I have been using anki for maybe year and a half, and during that time I've had large decks get corrupted.
It was slightly annoying. One of them was a Spanish deck of 3000 sentences I selected from my reading. However, since I already knew the material well, and it was just a hobby it didn't bother me that much. I simply created a new one.

Now because of an increasing amount of university related material I need to retain for the rest of my life I wanted to start building some long term retention decks.

My question is:
what to do and what not to do to keep the deck alive and running for a long time, preferably years?

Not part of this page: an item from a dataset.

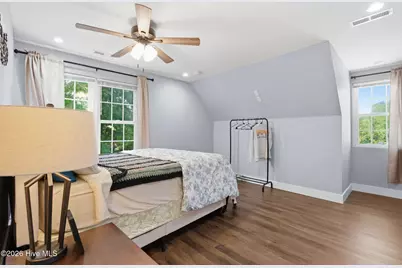 5416 Pulley Town Road, Zebulon, NC 27597 - Photo 48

I used dropbox to backup my Spanish deck everytime I closed it. I had around 50 backups from the month before it gave me the first error message. Still, it turned out that all of the backups gave me the same error and wouldn't open correctly! My deck got corrupted a month earlier and when it finally decided to die there was no way to save it. I must have updated anki meanwhile, and the new version wouldn't open buggy decks anymore.

I have a Japanese core deck, which gives me an error about once a week after the initial quick scan (new anki does that everytime you open your deck). Full database check seems to be fixing it. Still, I have my doubts about how long it will last.

my ideas so far:
- backup backup backup
- regular full database checks
- be careful not to open anki twice (I think this was one of the suggestions from the original sites)
- don't do anything funky on the computer while doing reviews - crashes are not helping.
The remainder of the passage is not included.